§ **Task objective**
Look below for the line with "Polis memuru göz yaşlarıyla uğurlandı" and the line with "65 Millstone Way"; repeat exactly those two lines and all lines between them, but no pictures.

§ **Excerpted records**
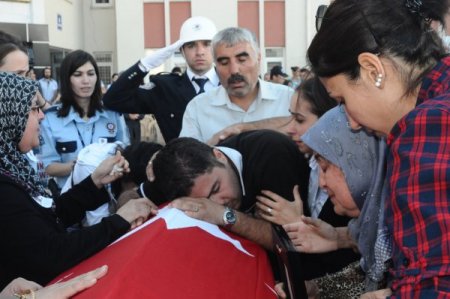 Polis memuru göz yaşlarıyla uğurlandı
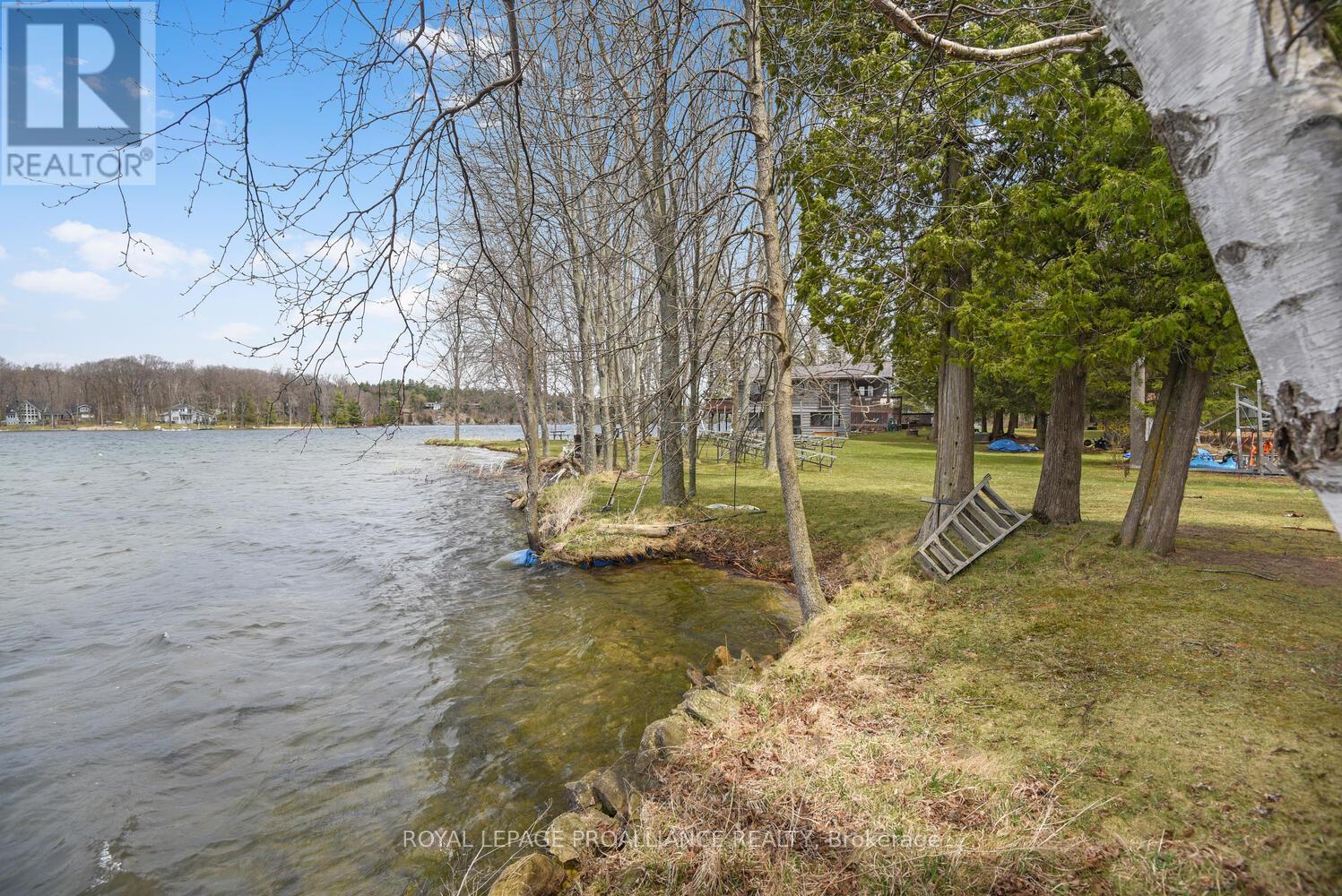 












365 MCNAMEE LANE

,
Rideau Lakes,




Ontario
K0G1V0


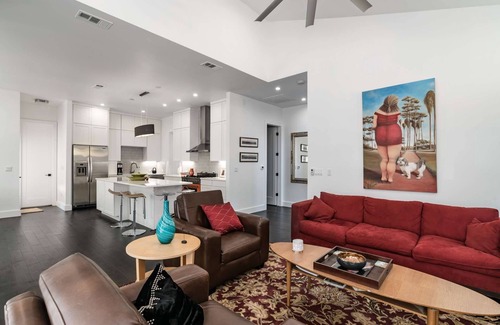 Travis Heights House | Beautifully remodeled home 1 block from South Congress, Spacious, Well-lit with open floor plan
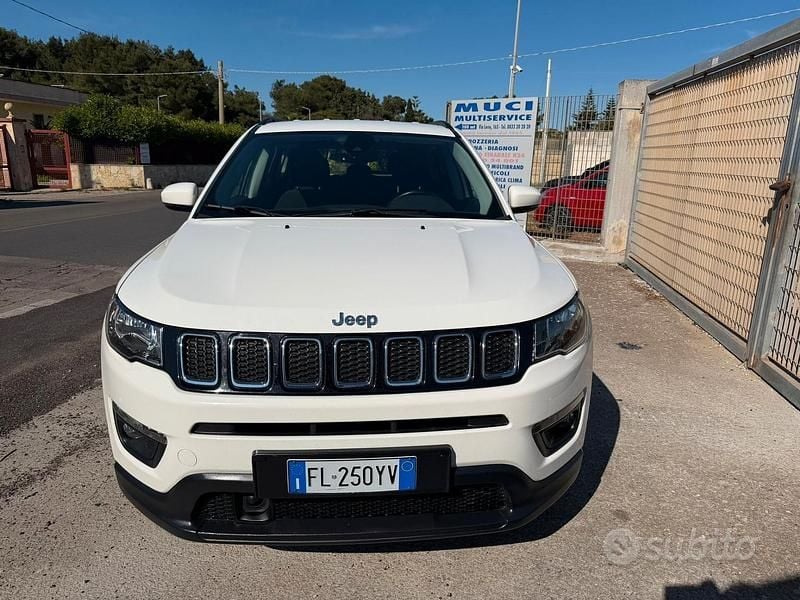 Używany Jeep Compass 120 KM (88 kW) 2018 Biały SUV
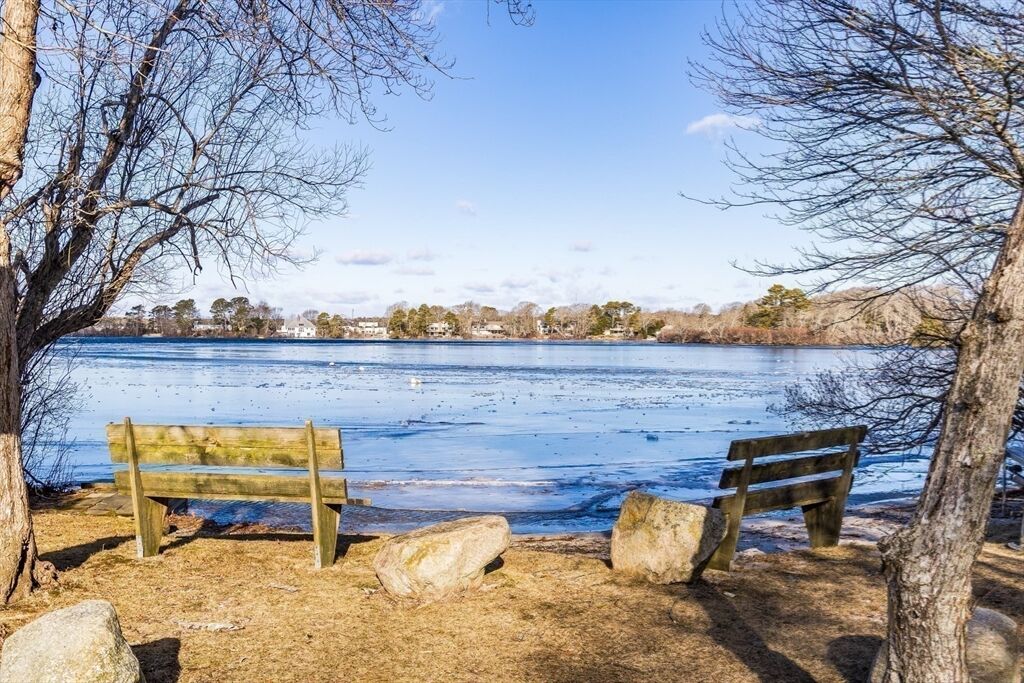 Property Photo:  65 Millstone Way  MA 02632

--

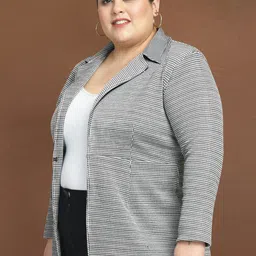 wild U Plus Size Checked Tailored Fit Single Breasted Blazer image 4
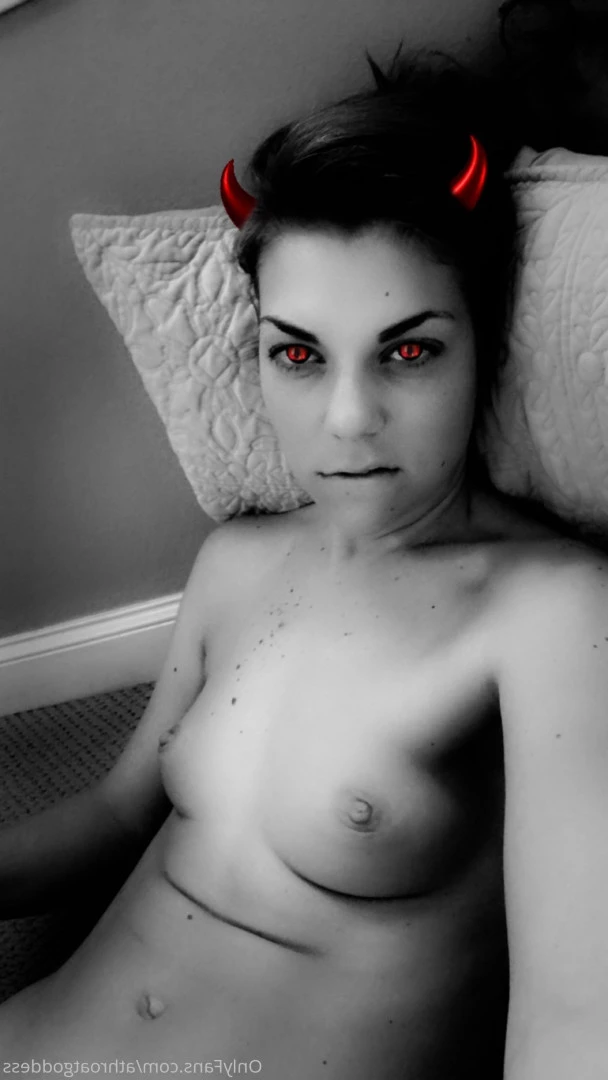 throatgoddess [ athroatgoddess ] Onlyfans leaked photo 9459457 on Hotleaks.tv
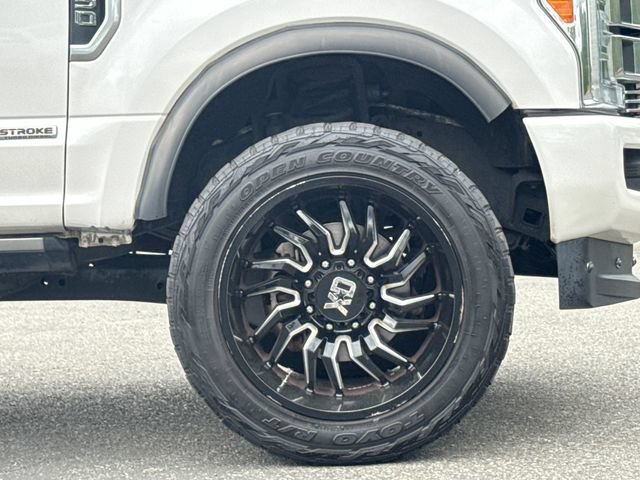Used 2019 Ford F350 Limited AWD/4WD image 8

---

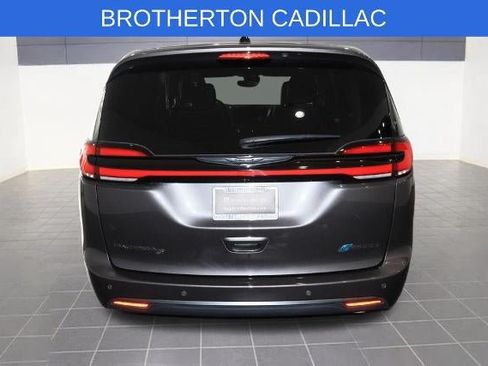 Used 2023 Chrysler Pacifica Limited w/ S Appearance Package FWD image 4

§ **Task result**
 Polis memuru göz yaşlarıyla uğurlandı












365 MCNAMEE LANE

,
Rideau Lakes,




Ontario
K0G1V0


 Travis Heights House | Beautifully remodeled home 1 block from South Congress, Spacious, Well-lit with open floor plan
 Używany Jeep Compass 120 KM (88 kW) 2018 Biały SUV
 Property Photo:  65 Millstone Way  MA 02632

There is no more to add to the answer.